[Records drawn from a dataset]
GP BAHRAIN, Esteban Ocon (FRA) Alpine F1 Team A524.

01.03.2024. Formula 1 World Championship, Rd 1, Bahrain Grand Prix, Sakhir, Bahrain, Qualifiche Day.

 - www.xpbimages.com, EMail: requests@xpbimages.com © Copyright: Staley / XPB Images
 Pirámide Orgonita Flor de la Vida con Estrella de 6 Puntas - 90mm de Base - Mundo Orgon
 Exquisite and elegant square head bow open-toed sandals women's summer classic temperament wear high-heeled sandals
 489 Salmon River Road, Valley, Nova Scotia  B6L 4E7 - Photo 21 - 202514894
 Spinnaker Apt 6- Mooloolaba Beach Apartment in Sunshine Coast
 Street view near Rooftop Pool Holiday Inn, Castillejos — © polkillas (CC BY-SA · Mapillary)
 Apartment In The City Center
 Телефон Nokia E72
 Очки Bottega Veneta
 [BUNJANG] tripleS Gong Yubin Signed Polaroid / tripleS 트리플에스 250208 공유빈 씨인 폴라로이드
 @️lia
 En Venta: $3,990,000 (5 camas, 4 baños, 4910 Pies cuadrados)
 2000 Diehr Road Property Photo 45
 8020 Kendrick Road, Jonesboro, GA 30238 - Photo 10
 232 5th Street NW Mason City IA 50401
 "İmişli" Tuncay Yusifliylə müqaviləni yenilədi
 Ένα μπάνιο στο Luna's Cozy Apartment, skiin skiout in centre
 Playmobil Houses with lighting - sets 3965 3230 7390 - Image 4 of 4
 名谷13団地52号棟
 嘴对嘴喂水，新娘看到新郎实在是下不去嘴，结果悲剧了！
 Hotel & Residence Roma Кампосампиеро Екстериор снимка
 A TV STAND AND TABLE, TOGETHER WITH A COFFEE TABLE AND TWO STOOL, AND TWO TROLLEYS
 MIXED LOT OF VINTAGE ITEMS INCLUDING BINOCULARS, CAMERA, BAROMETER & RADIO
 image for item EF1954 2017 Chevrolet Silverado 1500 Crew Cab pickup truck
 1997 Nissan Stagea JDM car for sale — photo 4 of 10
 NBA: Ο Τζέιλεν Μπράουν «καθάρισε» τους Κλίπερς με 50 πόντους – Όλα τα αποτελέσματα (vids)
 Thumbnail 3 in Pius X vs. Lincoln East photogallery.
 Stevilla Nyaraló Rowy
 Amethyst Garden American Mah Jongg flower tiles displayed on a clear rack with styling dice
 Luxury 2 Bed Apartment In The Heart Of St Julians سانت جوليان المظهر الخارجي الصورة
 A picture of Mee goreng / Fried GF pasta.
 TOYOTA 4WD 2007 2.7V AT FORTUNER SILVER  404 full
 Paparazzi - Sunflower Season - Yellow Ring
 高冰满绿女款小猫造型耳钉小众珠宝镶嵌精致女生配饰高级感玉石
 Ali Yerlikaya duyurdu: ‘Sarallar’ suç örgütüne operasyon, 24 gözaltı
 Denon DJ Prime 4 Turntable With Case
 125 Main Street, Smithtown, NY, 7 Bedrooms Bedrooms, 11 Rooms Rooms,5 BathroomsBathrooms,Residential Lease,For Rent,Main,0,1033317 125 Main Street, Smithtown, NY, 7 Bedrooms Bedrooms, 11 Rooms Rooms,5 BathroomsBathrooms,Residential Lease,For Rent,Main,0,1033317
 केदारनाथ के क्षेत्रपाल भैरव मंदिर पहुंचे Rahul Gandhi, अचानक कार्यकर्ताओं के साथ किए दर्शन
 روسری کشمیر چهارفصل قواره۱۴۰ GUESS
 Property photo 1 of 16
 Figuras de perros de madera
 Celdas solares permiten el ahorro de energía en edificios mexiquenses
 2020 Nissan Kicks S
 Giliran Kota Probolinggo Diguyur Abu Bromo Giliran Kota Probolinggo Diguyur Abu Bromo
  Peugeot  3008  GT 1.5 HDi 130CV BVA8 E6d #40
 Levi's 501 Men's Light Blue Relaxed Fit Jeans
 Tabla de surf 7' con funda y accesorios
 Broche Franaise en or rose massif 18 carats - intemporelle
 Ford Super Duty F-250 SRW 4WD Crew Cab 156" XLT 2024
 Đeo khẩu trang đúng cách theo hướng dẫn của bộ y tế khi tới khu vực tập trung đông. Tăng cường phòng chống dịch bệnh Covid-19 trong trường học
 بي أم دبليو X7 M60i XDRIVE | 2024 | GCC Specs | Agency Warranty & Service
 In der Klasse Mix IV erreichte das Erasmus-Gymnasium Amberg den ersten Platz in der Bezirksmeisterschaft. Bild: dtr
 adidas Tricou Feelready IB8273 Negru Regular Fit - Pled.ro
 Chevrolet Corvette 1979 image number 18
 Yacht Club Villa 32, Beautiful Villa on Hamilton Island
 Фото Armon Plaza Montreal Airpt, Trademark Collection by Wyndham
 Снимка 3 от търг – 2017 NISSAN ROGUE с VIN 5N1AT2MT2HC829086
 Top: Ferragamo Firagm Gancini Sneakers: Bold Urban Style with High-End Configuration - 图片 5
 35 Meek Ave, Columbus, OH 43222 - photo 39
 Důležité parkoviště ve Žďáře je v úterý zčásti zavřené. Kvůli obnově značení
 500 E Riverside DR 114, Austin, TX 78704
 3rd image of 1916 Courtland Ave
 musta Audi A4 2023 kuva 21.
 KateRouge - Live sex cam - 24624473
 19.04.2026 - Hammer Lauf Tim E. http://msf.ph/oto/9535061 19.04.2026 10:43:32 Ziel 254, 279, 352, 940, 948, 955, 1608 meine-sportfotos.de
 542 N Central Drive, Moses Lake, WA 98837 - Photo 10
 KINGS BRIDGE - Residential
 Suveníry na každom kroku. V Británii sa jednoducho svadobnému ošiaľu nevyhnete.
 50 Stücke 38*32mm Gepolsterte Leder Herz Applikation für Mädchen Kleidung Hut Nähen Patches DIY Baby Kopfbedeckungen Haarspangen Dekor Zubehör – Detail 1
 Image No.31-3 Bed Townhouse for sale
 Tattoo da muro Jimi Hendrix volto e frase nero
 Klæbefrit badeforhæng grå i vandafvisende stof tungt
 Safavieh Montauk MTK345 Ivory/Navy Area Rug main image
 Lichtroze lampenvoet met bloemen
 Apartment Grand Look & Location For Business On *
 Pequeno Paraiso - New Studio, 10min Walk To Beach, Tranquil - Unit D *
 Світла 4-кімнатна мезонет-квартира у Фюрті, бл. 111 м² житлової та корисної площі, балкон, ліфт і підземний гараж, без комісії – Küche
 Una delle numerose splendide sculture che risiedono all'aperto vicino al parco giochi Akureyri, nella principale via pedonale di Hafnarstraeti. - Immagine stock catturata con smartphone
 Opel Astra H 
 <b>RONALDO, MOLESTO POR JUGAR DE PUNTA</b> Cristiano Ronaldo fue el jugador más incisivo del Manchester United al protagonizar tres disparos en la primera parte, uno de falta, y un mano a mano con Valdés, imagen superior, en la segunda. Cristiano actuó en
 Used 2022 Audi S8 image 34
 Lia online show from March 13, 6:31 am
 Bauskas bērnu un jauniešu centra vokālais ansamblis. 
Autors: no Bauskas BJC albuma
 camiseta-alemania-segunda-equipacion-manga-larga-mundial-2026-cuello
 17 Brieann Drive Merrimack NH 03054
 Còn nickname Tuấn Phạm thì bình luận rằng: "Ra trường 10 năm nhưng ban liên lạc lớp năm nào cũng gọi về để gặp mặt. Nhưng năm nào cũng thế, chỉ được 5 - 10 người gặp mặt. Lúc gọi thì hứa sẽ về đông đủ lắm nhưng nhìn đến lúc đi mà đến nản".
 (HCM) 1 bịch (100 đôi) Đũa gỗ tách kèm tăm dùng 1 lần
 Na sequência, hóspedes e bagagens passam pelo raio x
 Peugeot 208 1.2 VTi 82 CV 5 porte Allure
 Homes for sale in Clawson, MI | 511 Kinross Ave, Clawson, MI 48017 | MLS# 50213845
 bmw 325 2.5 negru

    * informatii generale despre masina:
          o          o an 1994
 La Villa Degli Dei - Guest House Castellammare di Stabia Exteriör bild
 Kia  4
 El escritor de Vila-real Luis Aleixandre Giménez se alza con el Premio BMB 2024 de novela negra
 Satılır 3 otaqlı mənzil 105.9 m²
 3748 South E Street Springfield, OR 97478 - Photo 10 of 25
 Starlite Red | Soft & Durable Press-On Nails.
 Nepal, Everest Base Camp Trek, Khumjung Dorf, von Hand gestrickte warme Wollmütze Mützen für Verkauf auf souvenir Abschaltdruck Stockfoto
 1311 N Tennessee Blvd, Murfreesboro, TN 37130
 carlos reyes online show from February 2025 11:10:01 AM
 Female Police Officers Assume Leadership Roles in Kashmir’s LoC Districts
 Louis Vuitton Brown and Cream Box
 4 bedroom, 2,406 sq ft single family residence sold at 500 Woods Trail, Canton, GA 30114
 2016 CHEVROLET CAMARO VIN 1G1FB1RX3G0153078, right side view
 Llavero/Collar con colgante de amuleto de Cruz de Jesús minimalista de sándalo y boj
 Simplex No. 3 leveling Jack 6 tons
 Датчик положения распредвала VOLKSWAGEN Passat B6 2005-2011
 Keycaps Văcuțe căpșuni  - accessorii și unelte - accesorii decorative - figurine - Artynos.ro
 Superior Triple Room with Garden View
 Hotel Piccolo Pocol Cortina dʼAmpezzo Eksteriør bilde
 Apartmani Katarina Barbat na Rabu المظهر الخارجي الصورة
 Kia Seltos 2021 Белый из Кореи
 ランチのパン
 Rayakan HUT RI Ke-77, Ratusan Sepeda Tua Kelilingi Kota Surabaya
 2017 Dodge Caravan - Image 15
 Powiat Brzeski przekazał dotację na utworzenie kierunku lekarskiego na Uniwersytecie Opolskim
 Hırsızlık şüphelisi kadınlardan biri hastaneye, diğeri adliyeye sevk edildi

Work task: Above are the entries. Quote exactly the lines from the one bearing "informatii generale despre" through the one bearing "3748 South E".

Solution for this exercise:
    * informatii generale despre masina:
          o          o an 1994
 La Villa Degli Dei - Guest House Castellammare di Stabia Exteriör bild
 Kia  4
 El escritor de Vila-real Luis Aleixandre Giménez se alza con el Premio BMB 2024 de novela negra
 Satılır 3 otaqlı mənzil 105.9 m²
 3748 South E Street Springfield, OR 97478 - Photo 10 of 25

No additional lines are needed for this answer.